Typically, more competition with South America for soybean exports means lower prices for U.S. growers, notes Hart. “The bad news is that the soybean market keeps turning bearish,” he says. “This marketing year, a record U.S. corn and soybean crop, combined with expectations for a record soybean crop in South America, is having a negative offset to what would typically be an upward seasonal price trend.”
February is usually the time when grain prices start to build up to their seasonal peaks in April, May and June, but the trend for soybeans is more downward this year, “mainly due to the looming crop coming out of South America,” adds Hart. “However, the good news is that the Chinese continue to buy U.S. soybeans.”
Brisk grain sales this winter may eventually help to boost prices somewhat this spring. “A lot of U.S. corn and soybeans are being sold right now due to the quality concerns that came with harvesting a wet crop,” says Hart. “Those sales are also working to decrease prices. However, once we clear that poor-quality-grain glut out of the market, we might see some price recovery for farmers who still have good quality corn and soybeans in storage.”
Other factors that could potentially boost soybean prices this year include the strength of the dollar and crude oil prices. “Lately, the soybean market has not enjoyed the outside market support that might have helped to strengthen prices,” says Hart. “Instead, over the past month, the dollar has strengthened and crude oil prices have weakened.

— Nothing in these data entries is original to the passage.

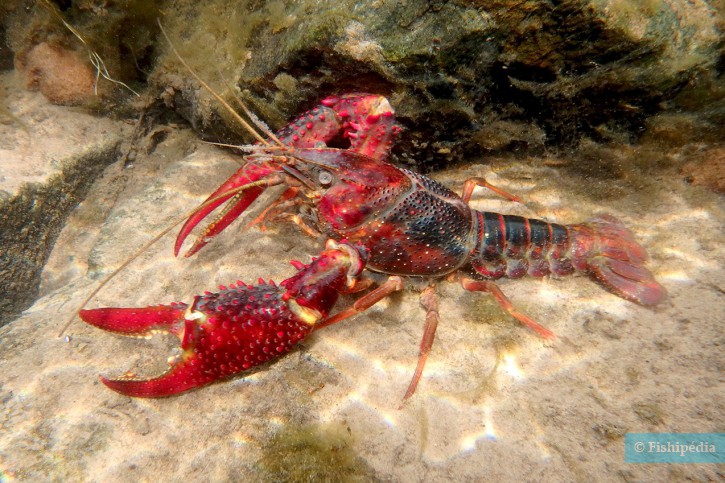 Procambarus clarkii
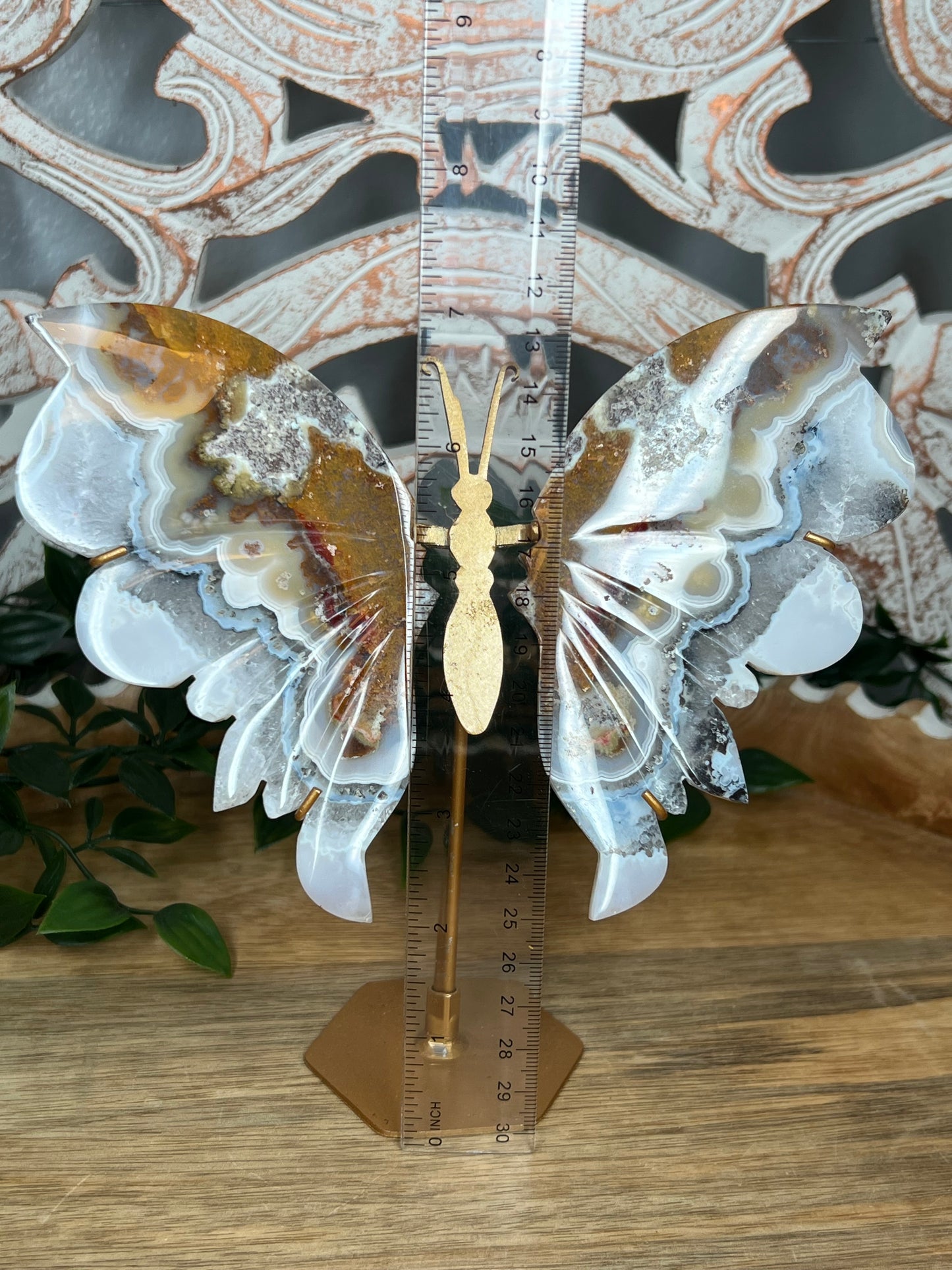 Scenic Moss Agate Wings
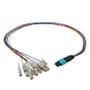 Patch Cord Multimode OM2 12 Cores MPO Male to LC/UPC 0.9mm PVC 12 Color 0.5M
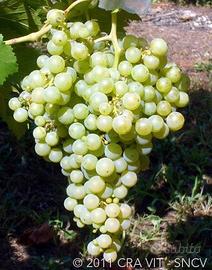 Uva, nebbiolo, cabernet, primitivo, montepulciano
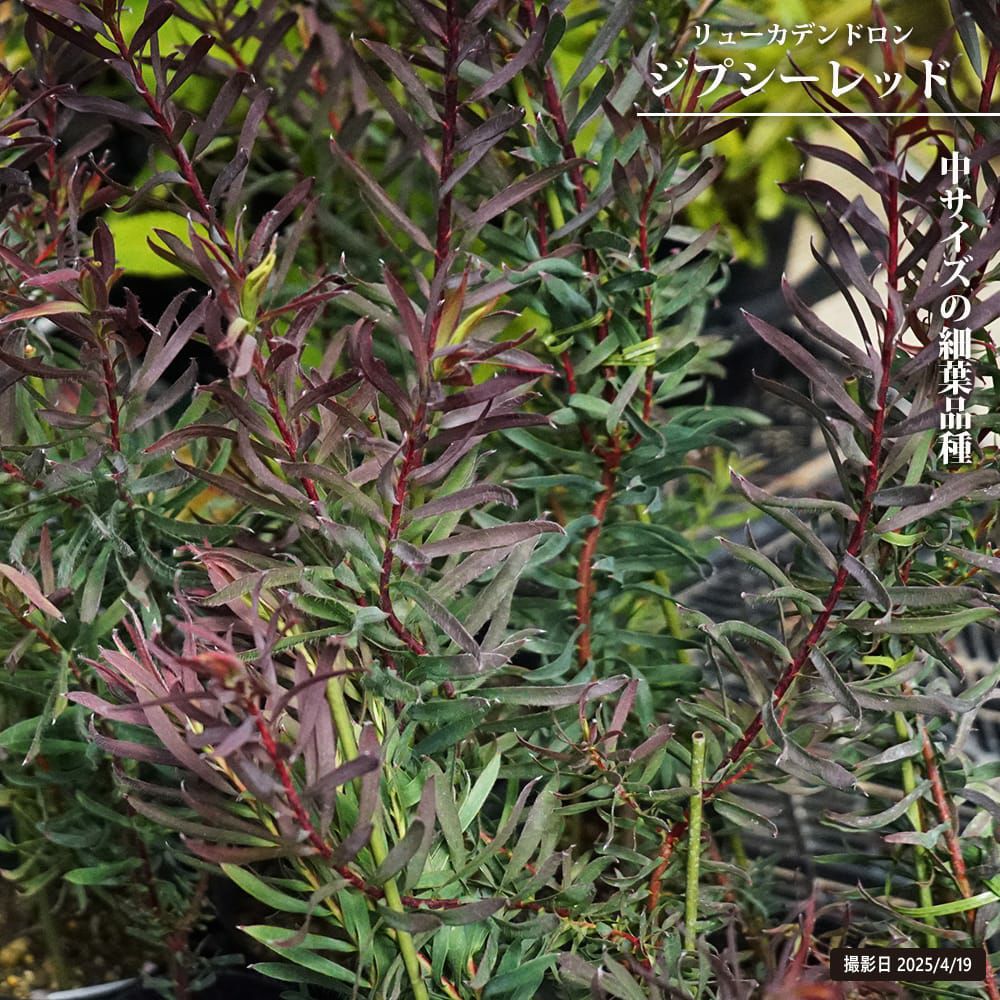 000000129344-01.jpg?size=l&w=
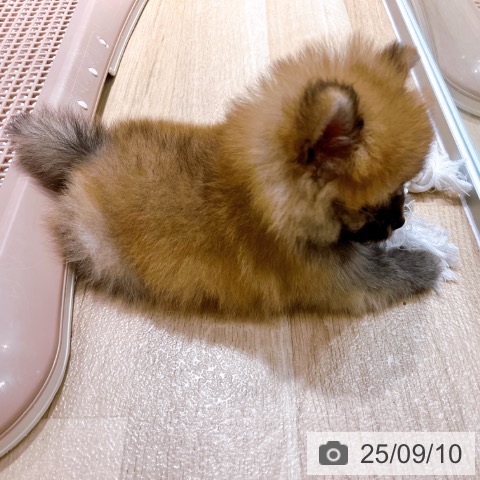 ポメラニアンの写真
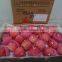 2014 China Hot Sale Fresh Fuji Apple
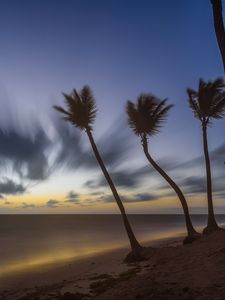 Preview wallpaper palm trees, clouds, sky, twilight, sea, beach, tropics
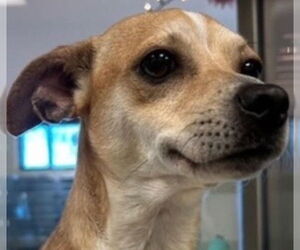 Chihuahua-Unknown Mix Dogs for adoption in Canton, CT, USA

While we did see the dollar weaken and crude oil prices increase somewhat this week, that occurrence isn’t enough yet to make a trend.”
Also, the recent failure by Congress to renew the biodiesel tax credit is having a negative effect on soybean prices, Hart points out. “If we see evidence that legislative efforts to restore that tax credit become promising again, that would help soybean prices to move up a bit,” he says.